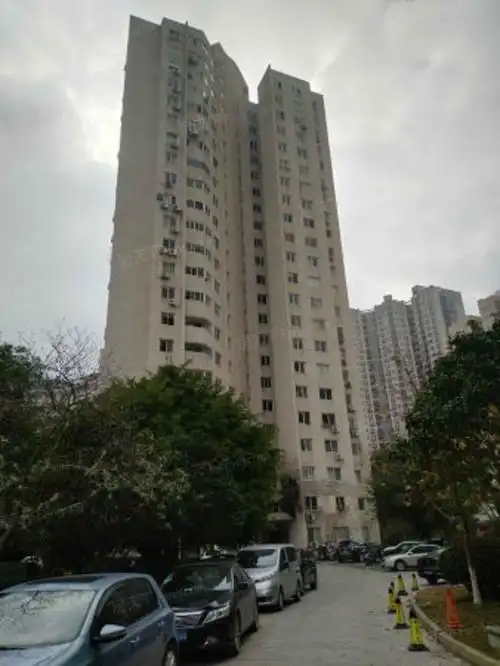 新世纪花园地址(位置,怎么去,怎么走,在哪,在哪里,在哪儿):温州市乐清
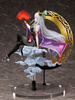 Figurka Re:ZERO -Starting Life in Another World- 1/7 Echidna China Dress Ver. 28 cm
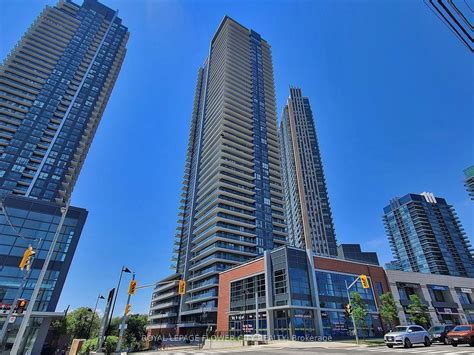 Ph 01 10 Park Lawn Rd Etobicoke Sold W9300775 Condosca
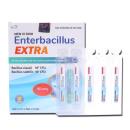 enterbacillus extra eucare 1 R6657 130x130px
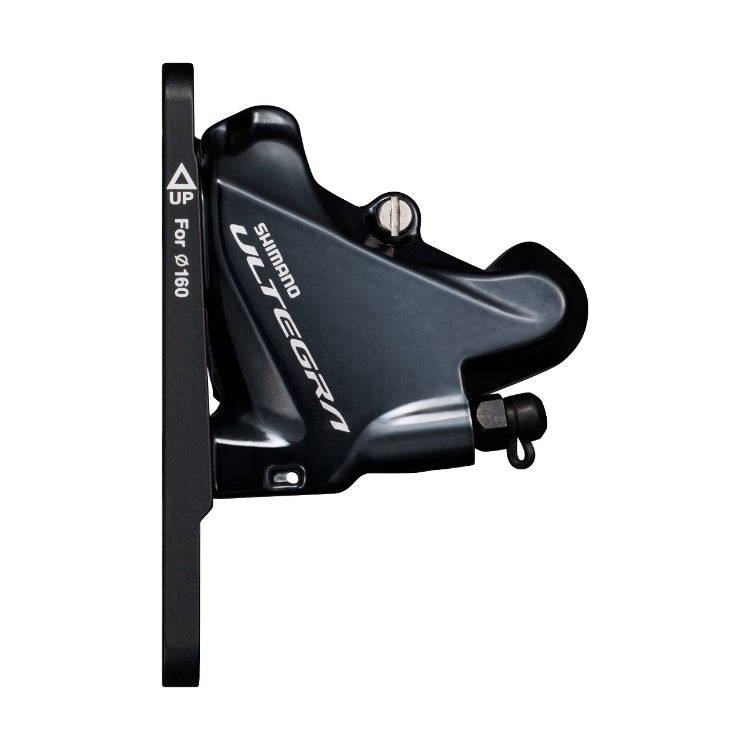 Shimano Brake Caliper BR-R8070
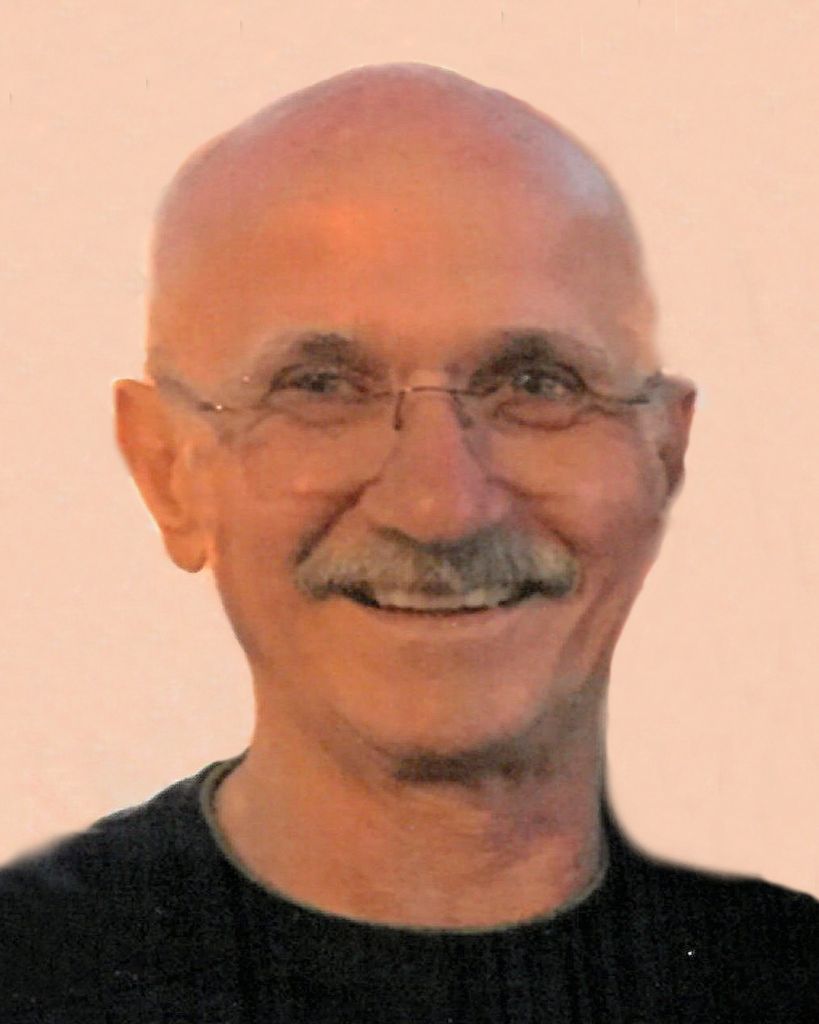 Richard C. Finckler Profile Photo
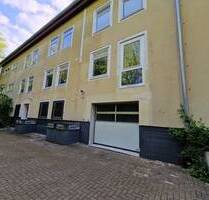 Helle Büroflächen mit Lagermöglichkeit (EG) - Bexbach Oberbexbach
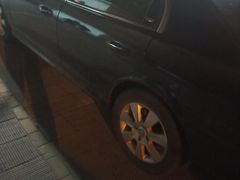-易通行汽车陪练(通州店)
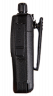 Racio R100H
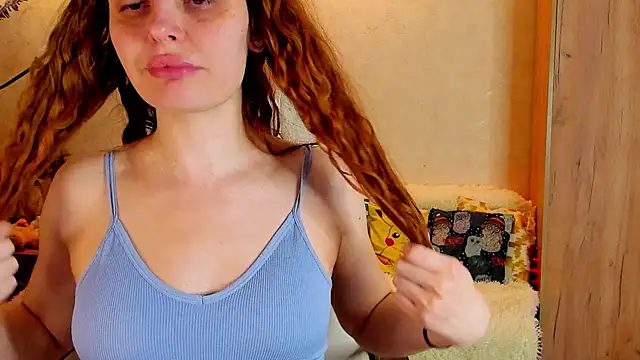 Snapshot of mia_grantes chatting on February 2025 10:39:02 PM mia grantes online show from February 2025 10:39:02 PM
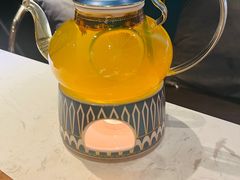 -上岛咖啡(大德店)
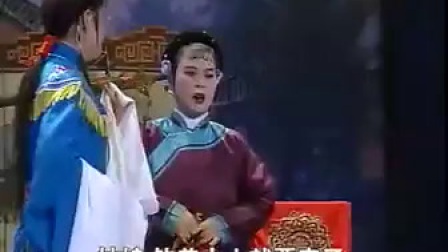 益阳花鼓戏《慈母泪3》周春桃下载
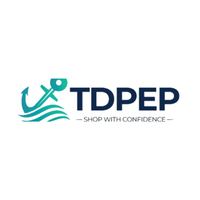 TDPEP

━━━━━━━━

* **Task statement**: Would you output the data exactly, without any of its images?

* **Final answer**:
 新世纪花园地址(位置,怎么去,怎么走,在哪,在哪里,在哪儿):温州市乐清
 Figurka Re:ZERO -Starting Life in Another World- 1/7 Echidna China Dress Ver. 28 cm
 Ph 01 10 Park Lawn Rd Etobicoke Sold W9300775 Condosca
 enterbacillus extra eucare 1 R6657 130x130px
 Shimano Brake Caliper BR-R8070
 Richard C. Finckler Profile Photo
 Helle Büroflächen mit Lagermöglichkeit (EG) - Bexbach Oberbexbach
-易通行汽车陪练(通州店)
 Racio R100H
 Snapshot of mia_grantes chatting on February 2025 10:39:02 PM mia grantes online show from February 2025 10:39:02 PM
 -上岛咖啡(大德店)
 益阳花鼓戏《慈母泪3》周春桃下载
 TDPEP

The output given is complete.